This invention relates to the field of latches usable with sliding and swinging doors, gates, and the like and is particularly adapted to retaining the corners of machine shed doors and fence gates.
While the invention disclosed herein is adaptable to a variety of sliding and swinging doors or gates, it is particularly adaptable to the retention and latching of the large sliding doors commonly found on farm machine sheds. Such machine sheds normally have either one or two large sliding doors to permit tractors, implements, and the like to be moved into and out of the machine shed and such doors are normally slidably mounted and suspended from an overhead track. Because of the substantial size of such doors, they are particularly susceptible to dislodgment by wind and, even in moderate winds, have a tendency to swing and flap. If such flapping is not arrested, its frequency and magnitude can increase until the door is dislodged from the overhead track or even blown off the machine shed.

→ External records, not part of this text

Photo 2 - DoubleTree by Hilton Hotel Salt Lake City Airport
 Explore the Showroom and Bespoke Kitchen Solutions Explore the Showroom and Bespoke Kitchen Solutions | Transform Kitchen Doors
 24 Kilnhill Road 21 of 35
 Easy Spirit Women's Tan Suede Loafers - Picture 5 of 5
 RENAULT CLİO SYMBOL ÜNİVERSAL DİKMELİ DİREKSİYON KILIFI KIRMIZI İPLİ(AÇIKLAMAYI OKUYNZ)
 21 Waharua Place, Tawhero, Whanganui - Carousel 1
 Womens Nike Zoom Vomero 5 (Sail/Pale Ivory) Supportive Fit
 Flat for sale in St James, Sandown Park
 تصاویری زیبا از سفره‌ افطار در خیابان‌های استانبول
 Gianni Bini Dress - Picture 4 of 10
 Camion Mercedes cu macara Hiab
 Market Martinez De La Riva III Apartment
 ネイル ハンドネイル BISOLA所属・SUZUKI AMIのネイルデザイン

A partial solution to the wind dislodgment problem has been the driving of one or more heavy stakes or pipes into the earth adjacent the door to resist flapping movement. While this step is partially successful, the pipe is often in the way, is hazardous to those walking near the door and generally must be placed so near the door that it also provides interference with door movement when ice and snow accumulate in winter months. For these reasons, an improved apparatus for containment of machine shed doors is needed so as to retain the door closely against the machine shed in both open and closed positions of the door, to be resistant to ice, snow and extremes of weather and to be nonhazardous to those using the doors. The present invention solves these problems.